▸ Task goal:
Copy the data exactly. Images are to be left out.

### Dataset extract

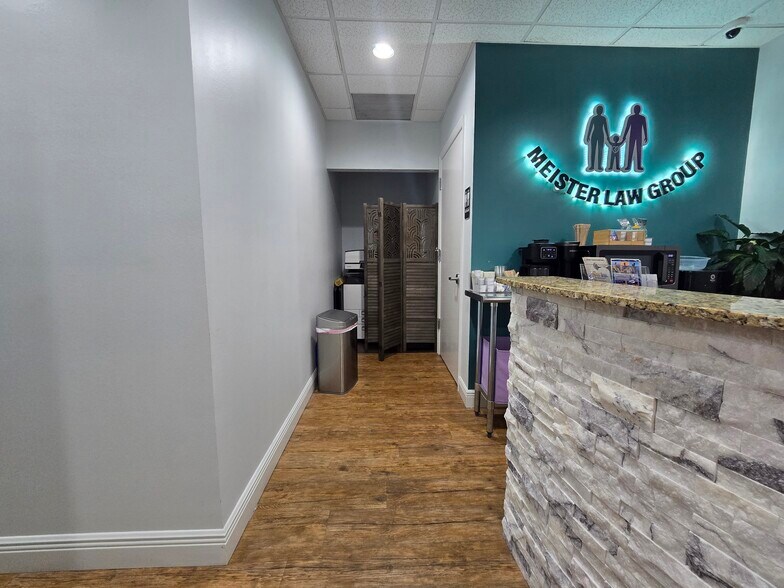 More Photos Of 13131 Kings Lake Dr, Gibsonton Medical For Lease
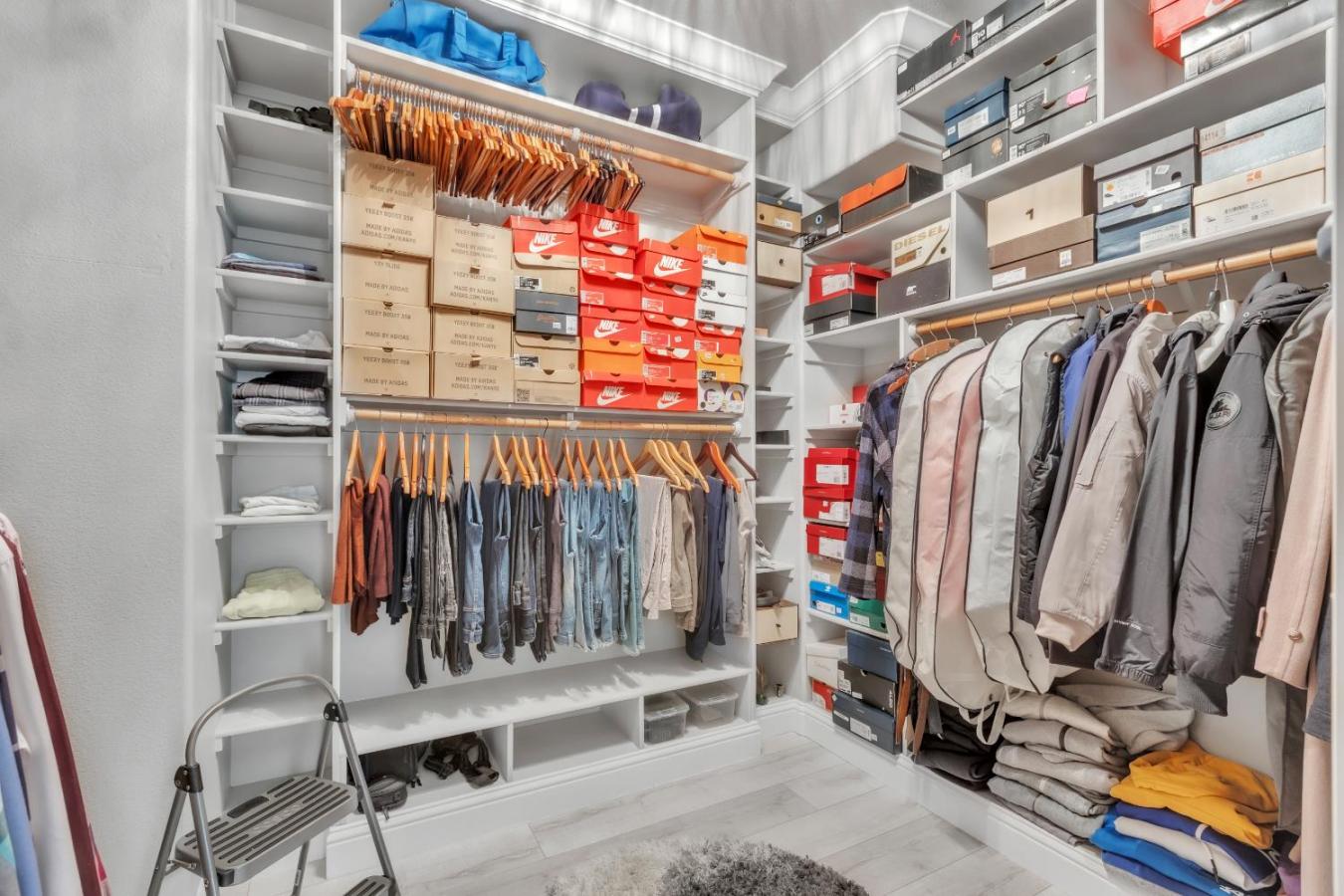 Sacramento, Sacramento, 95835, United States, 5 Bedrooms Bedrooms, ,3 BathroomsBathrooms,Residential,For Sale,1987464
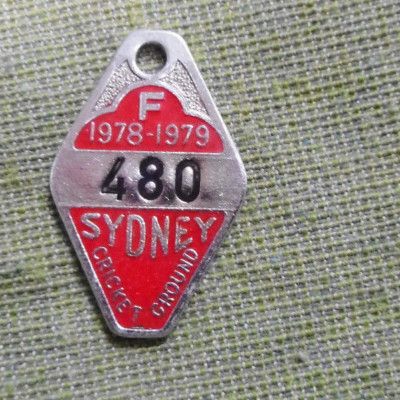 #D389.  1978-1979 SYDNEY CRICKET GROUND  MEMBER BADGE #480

######

▸ Result:
 More Photos Of 13131 Kings Lake Dr, Gibsonton Medical For Lease
 Sacramento, Sacramento, 95835, United States, 5 Bedrooms Bedrooms, ,3 BathroomsBathrooms,Residential,For Sale,1987464
 #D389.  1978-1979 SYDNEY CRICKET GROUND  MEMBER BADGE #480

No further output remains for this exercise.